If you like lamb, there’s no better excuse to make lamb stew than St. Patrick’s Day. Lamb shoulder, the best stew cut, is also far less pricey than lamb chops or leg of lamb.
This traditional dish is served on St. Patrick’s Day at the restaurant in Guinness Storehouse in Dublin, which provided the recipe below. Is so easy to make, that even a young cook can throw it together.
The Guinness Storehouse is the original property leased in 1759 by Arthur Guinness for his brewery. It’s a 9,000-year lease, by the way, leading one to wonder if the landlord refused to write a 10,000-year lease.
The property has been converted into a museum on the history of brewing and the history of Guinness.
Note that the recipe cooks the meat and the vegetables for the same time. This creates soft vegetables, the old-fashioned style.
If you prefer your veggies al dente, add in the vegetables after 45 minutes, but cook the full amount of stock from the beginning.
Similarly, our mom always browned stew meat before adding it to the pot. Browning helps develop more depth of flavor; some cooks even brown the vegetables and herbs. This step isn’t required in Guinness’ recipe, so we didn’t do it; although next time we will for comparison.
Serve the stew with a side of the pearled barley, some Irish soda bread and a Guinness (or brand of choice).
While the stew is cooking, check out the different cuts of lamb.
*See the last sections, below.
1. PLACE the meat, bouquet garni, barley, onions, carrots, celery and turnip in the pot; cover with chicken stock. Bring to a boil and simmer gently for one hour.
2. SKIM off the scum on top of the pot. Add the potatoes and continue cooking for ½ hour. For the last 5 minutes, add the leek.
3. REMOVE the bouquet garni. Stir in the chopped parsley. Serve in bowls.
Times change: We remember back in the 1970s that Guinness was the number one beer in the world.
HOW TO MAKE A BOUQUET GARNI
A bouquet garni (French for garnished bouquet—photo $4) is a bundle of herbs tied with a string. It is used in the preparation of soups, stews and stocks.
The herbs are tied for easy removal after cooking.

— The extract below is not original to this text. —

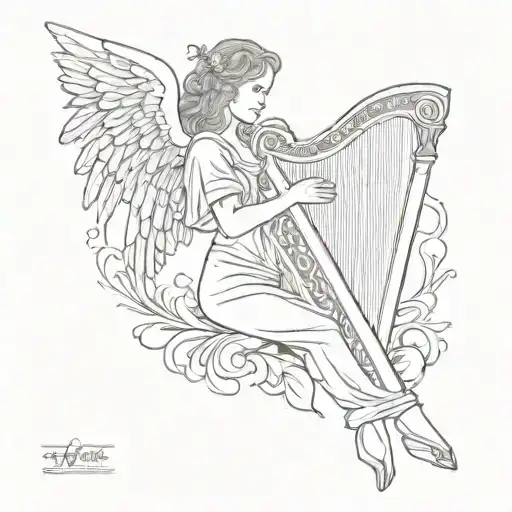 A tattoo of an angel playing a harp, with a quote from a famous philosopher incorporated into the design tattoo design idea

In situations where some ingredients can’t be tied (peppercorns or garlic cloves, for example), a small muslin drawstring bag or piece of cheesecloth is used.
The bouquet is cooked in the pot with the other ingredients, but is removed when cooking is complete.

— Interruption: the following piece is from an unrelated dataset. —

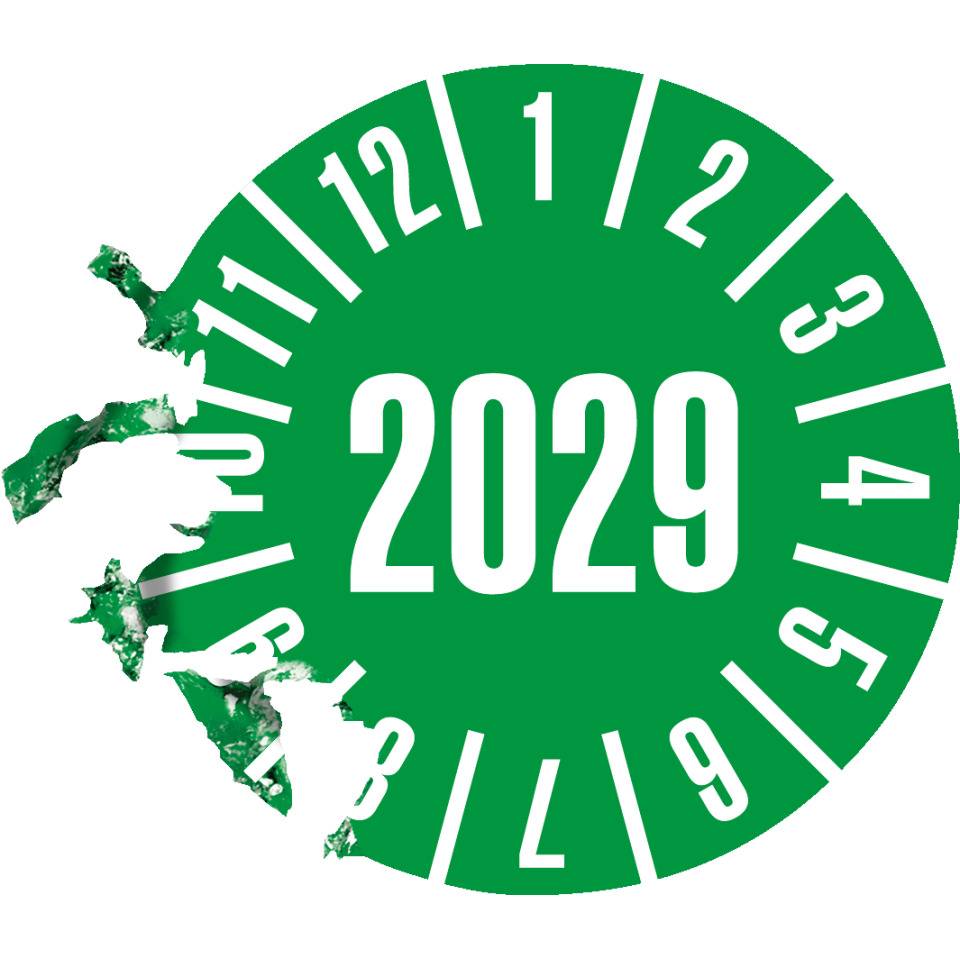 Prüfplakette 2029, grün, Dokumentenfolie, selbstklebend, Ø 25mm, 105/Heft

There is no generic recipe for bouquet garni, but most French recipes combine bay leaf, parsley and thyme.
Keep the parsley leaves for garnish, but tie the stalks in the bouquet garni rather than throw them away. They have lots of flavor.

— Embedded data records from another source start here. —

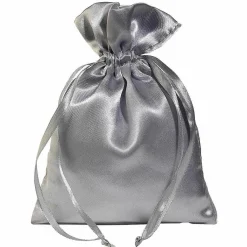 Outlet DecoWoerner Satinsäckchen 18 Cm, 30 Stück, silber
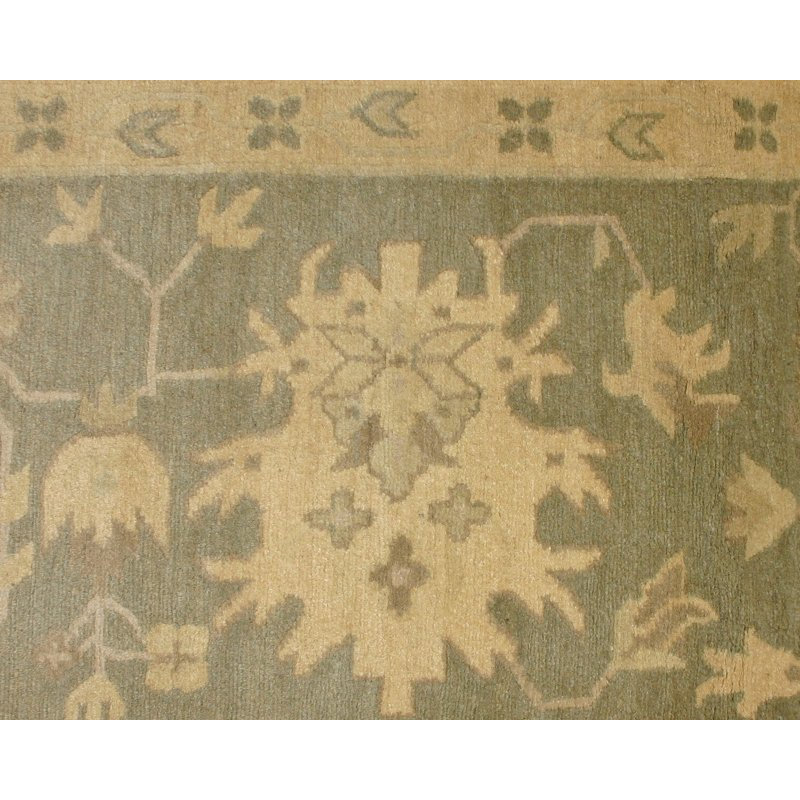 Afshan Wool Oriental Area Rug in Greens/Taupes, Rectangle 8' x 10'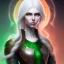 Placeholder: fantasy setting, woman, orange and white hair, green eyes, wavy hair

In general, never toss the stalks, but freeze them to flavor your next pot of soup.
Pearl barley, or pearled barley, is barley that has been processed to remove the hull and the bran.
All barley must have its fibrous outer hull removed before it can be eaten; but pearl barley is then polished to remove the bran layer.
With the bran removed, the barley is no longer a whole grain, but is still nutritious. Hulled barley, the whole grain form, is also known as barley groats.
Pearl barley is still chewy and nutritious, but less so than hulled barley, which still has its bran layer.
The polished grains are also softer and take less time to cook, about 40 minutes. That’s why pearl barley is most often used in recipes.
You can substitute hulled barley in recipes, by adjusting for a longer cooking time.